*Brief:*
Repeat, exactly as they appear, the lines from the one with "Carcasa para iPhone" through the last line of the entries below, but none of the pictures.

===

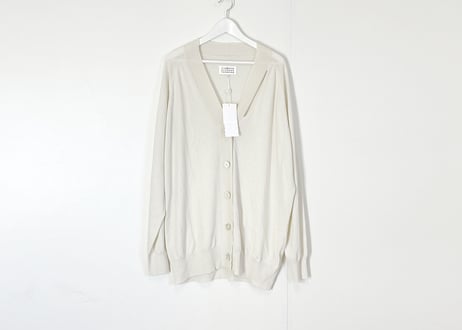 2019ss maison margiela cashmere over size cardigan white dead stock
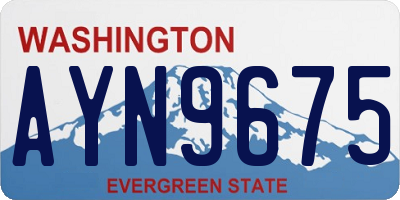 WA license plate AYN9675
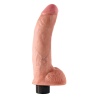 KING COCK 9 INCH VIBRATING COCK WITH BALLS LIGHT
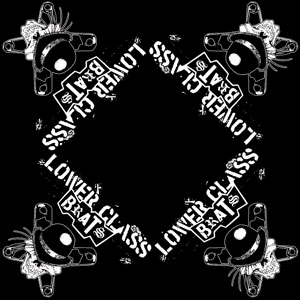 Lower Class Brats- Droog Skulls on a black bandana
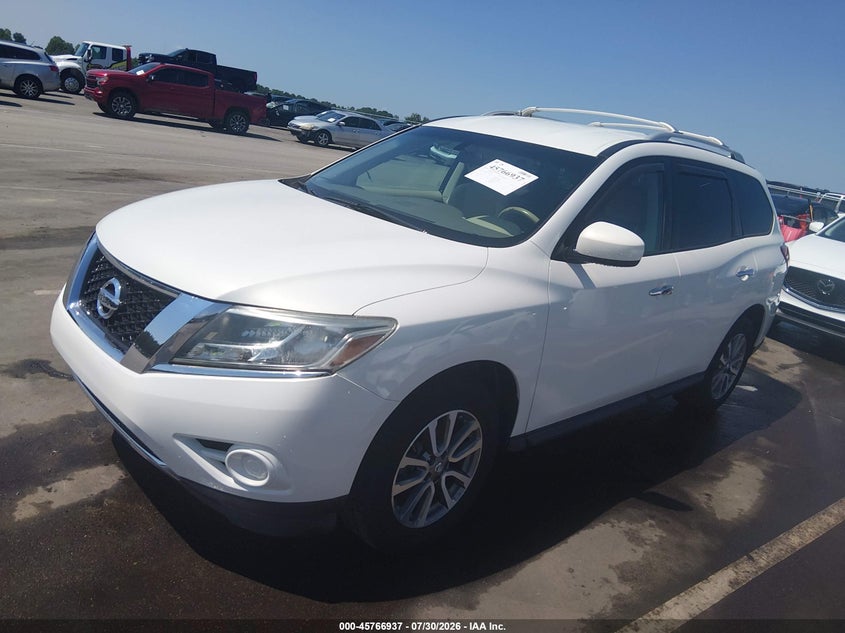 Vin: 5n1ar2mm7dc622730, lot: 46265686, nissan pathfinder sv 20132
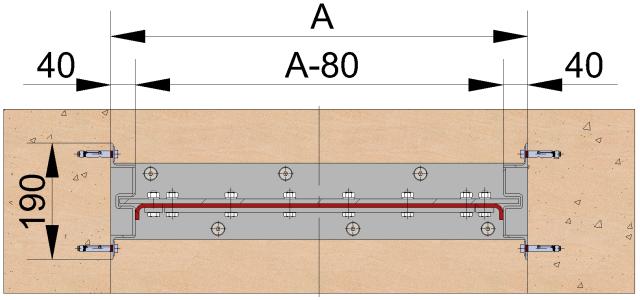80 mm aproximadamente(fig.20). fig.20 En la solera del canal se amarrará una llanta lisa donde la compuerta pueda realizar el cierre inferior.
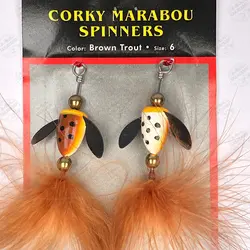 اسپینر کرکی Yo-Zuri ژاپن بسته ۲ عددی سایز ۶ Brown Trout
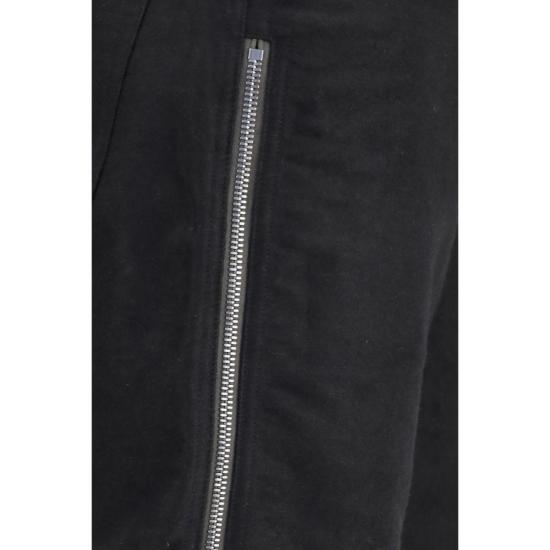 26FW 릭 오웬스 데님 팬츠 베가 사이드 지퍼 스트레이트 레그 진 블랙 - RICK OWENS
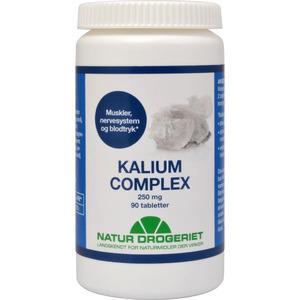 Natur-Drogeriet Kalium Complex innehåller 250 mg kalium per tablett Med24.se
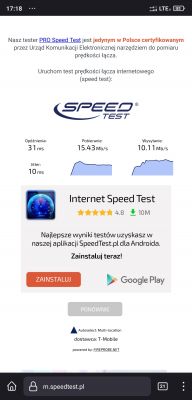 Dobór sprzętu i oferty dla internetu LTE w domu jednorodzinnym w Bukownie - Play czy Tmobile?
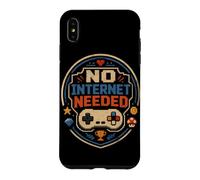 Carcasa para iPhone XS MAX No se Necesita Internet, Simplemente presione Start Retro Gamer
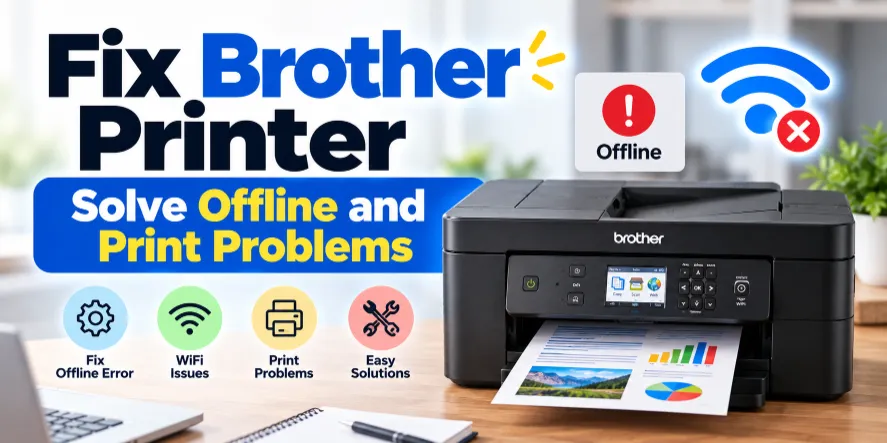 Fix Brother Printer: Solve Offline and Print Problems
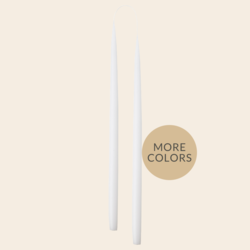 Kunstindustrien set/2 handdipped kaars 2,2 x 45cm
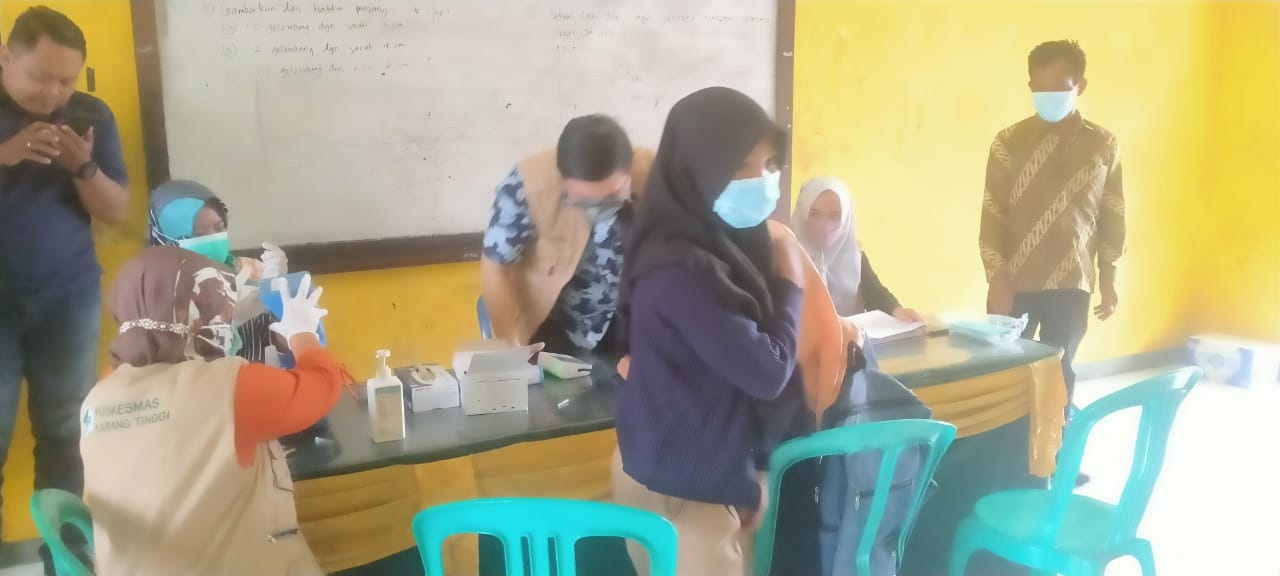 Siswa SMP di Benteng Sudah Mulai Divaksin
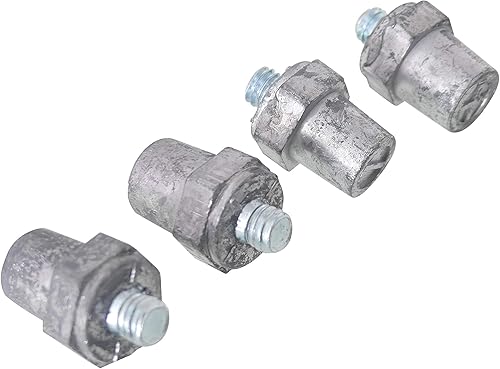 Miniatura 1 de Postes de carga de terminales laterales GM cable sólido 38-16 rosca incluye 2 postes positivos 2 postes negativos TECH TEAM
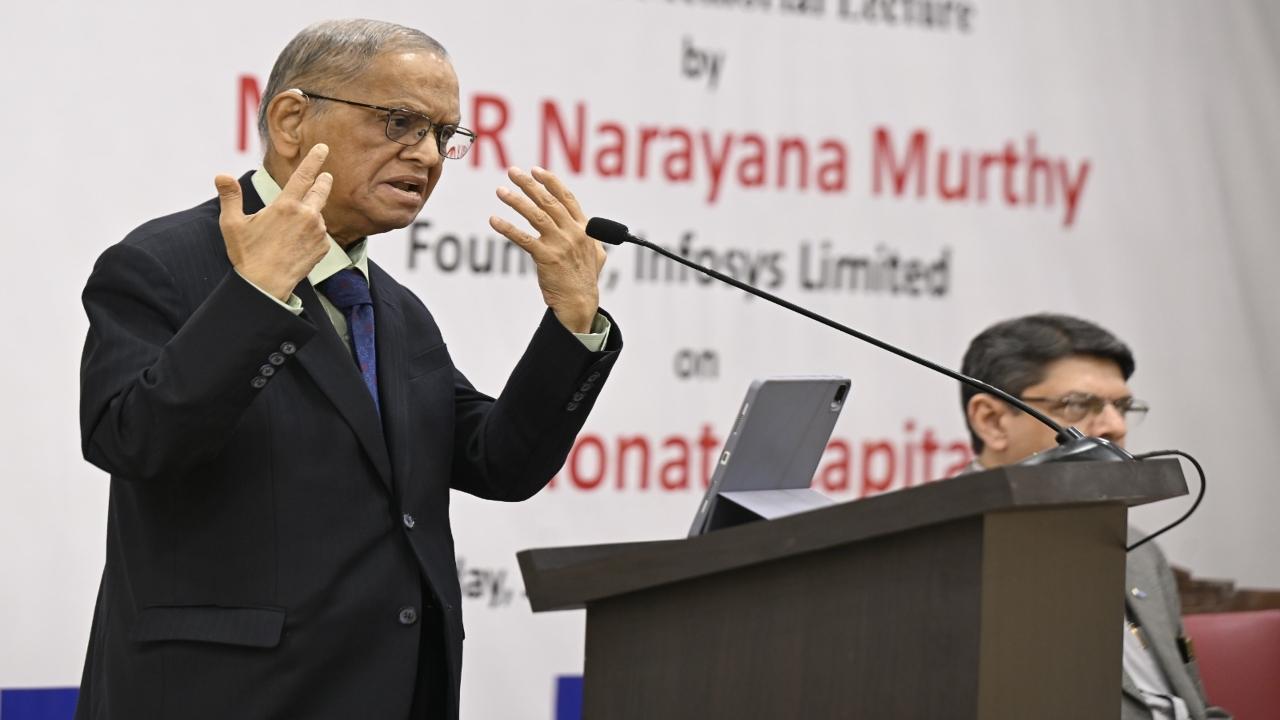 “I can say that I used to get to the office at 6.30 am and leave at 8.30 pm, that's a fact. I have done it. So, nobody can say that no, that's wrong. And I have done it for 40-odd years,” he said while addressing questions on work-life balance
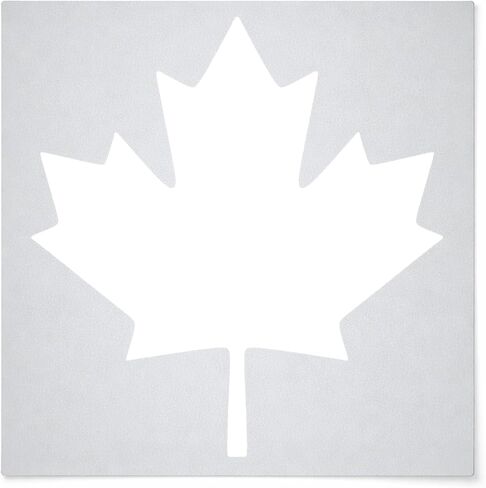 Canadian Maple Leaf Reusable Mylar Stencil - Art Craft Supplies New Sizes (4") in Kuwait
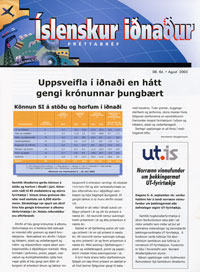 Íslenskur iðnaður - 2003 - Ágúst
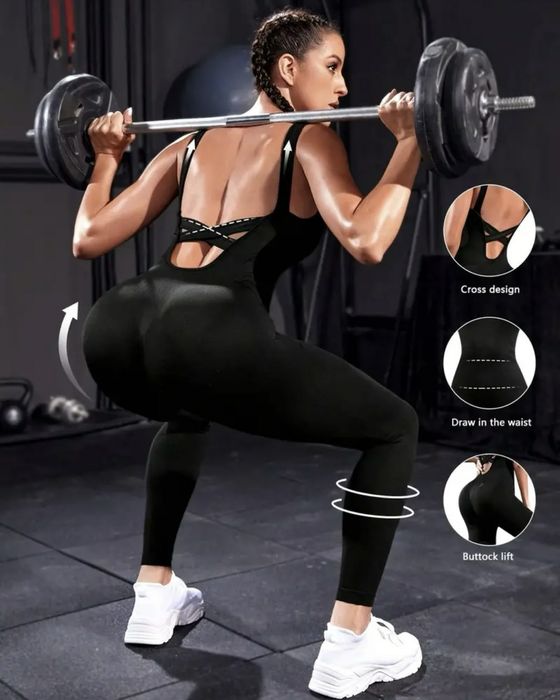 Женский фитнес комбинезон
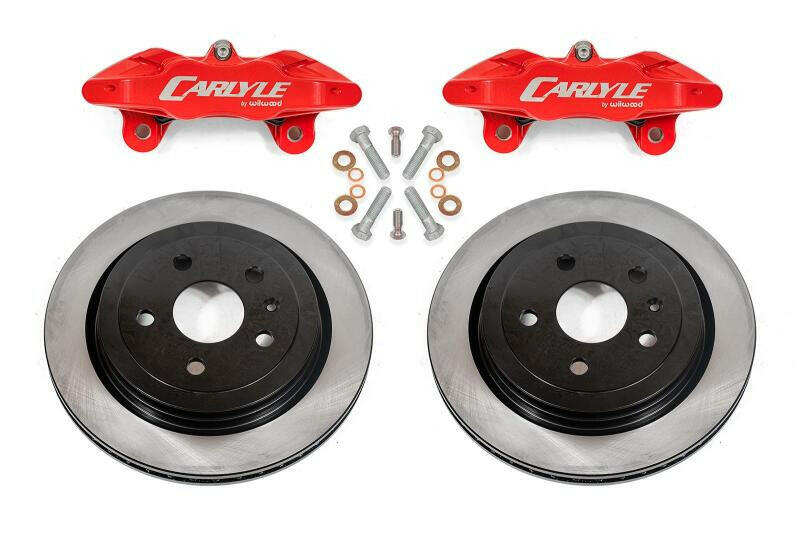 BMR 14-19 Chevrolet Corvette C7 Brake Kit For 15in Conversion Solid Rotors Red Calipers Brake Kits - Performance Blank BMR Suspension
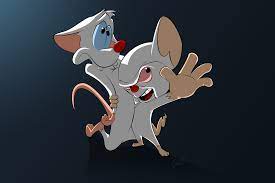 Pinky Andpersand The Brain By Thekeyofe On Deviantart Pinky Cartoon Brain Art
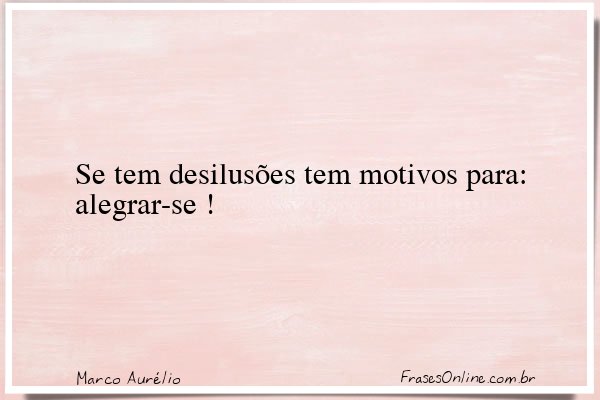 Frase de Marco Aurélio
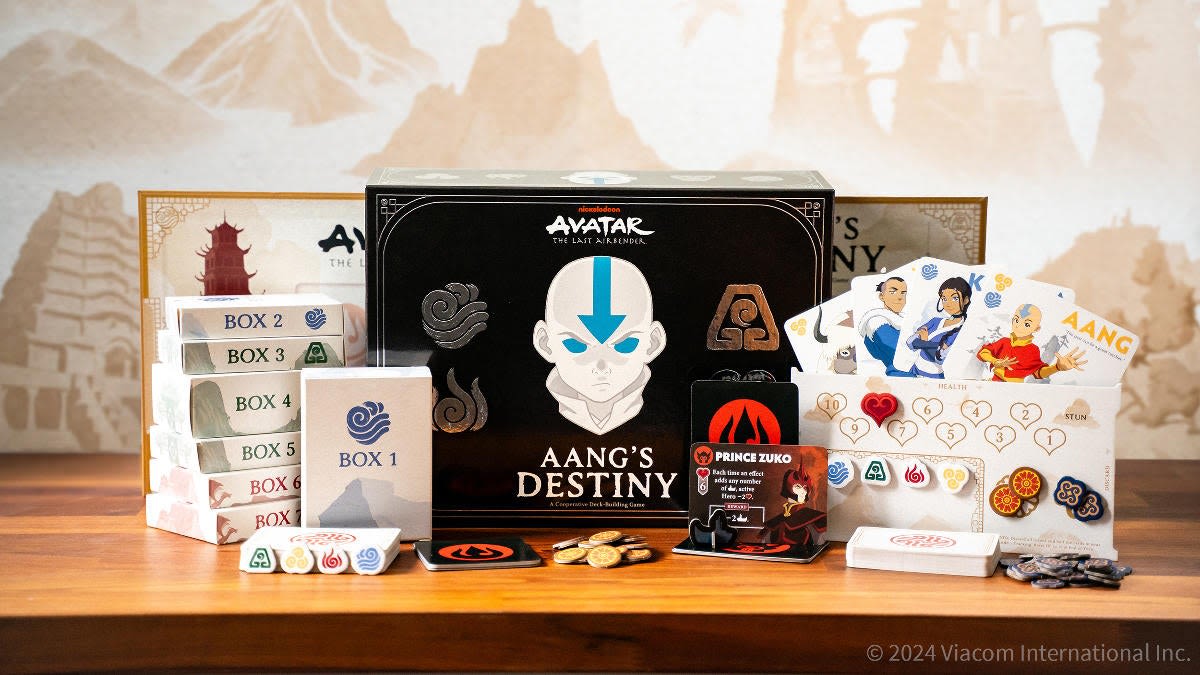 Avatar: The Last Airbender Aang's Destiny Deck-Building Game Is On Sale Now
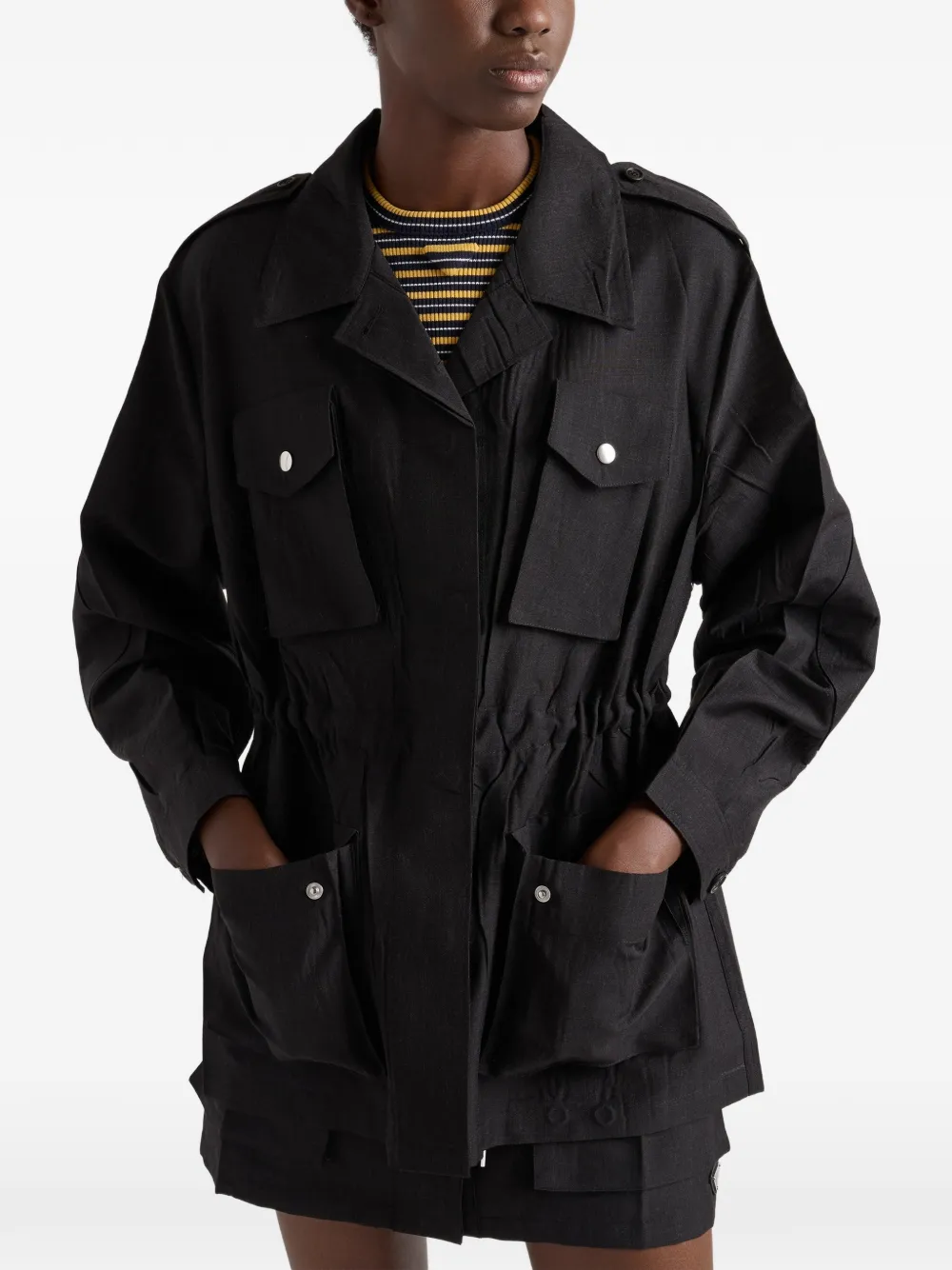 Prada Geverfd mohair-jack Zwart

===

*Exercise response:*
 Carcasa para iPhone XS MAX No se Necesita Internet, Simplemente presione Start Retro Gamer
 Fix Brother Printer: Solve Offline and Print Problems
 Kunstindustrien set/2 handdipped kaars 2,2 x 45cm
 Siswa SMP di Benteng Sudah Mulai Divaksin
 Miniatura 1 de Postes de carga de terminales laterales GM cable sólido 38-16 rosca incluye 2 postes positivos 2 postes negativos TECH TEAM
 “I can say that I used to get to the office at 6.30 am and leave at 8.30 pm, that's a fact. I have done it. So, nobody can say that no, that's wrong. And I have done it for 40-odd years,” he said while addressing questions on work-life balance
 Canadian Maple Leaf Reusable Mylar Stencil - Art Craft Supplies New Sizes (4") in Kuwait
 Íslenskur iðnaður - 2003 - Ágúst
 Женский фитнес комбинезон
 BMR 14-19 Chevrolet Corvette C7 Brake Kit For 15in Conversion Solid Rotors Red Calipers Brake Kits - Performance Blank BMR Suspension
 Pinky Andpersand The Brain By Thekeyofe On Deviantart Pinky Cartoon Brain Art
 Frase de Marco Aurélio
 Avatar: The Last Airbender Aang's Destiny Deck-Building Game Is On Sale Now
 Prada Geverfd mohair-jack Zwart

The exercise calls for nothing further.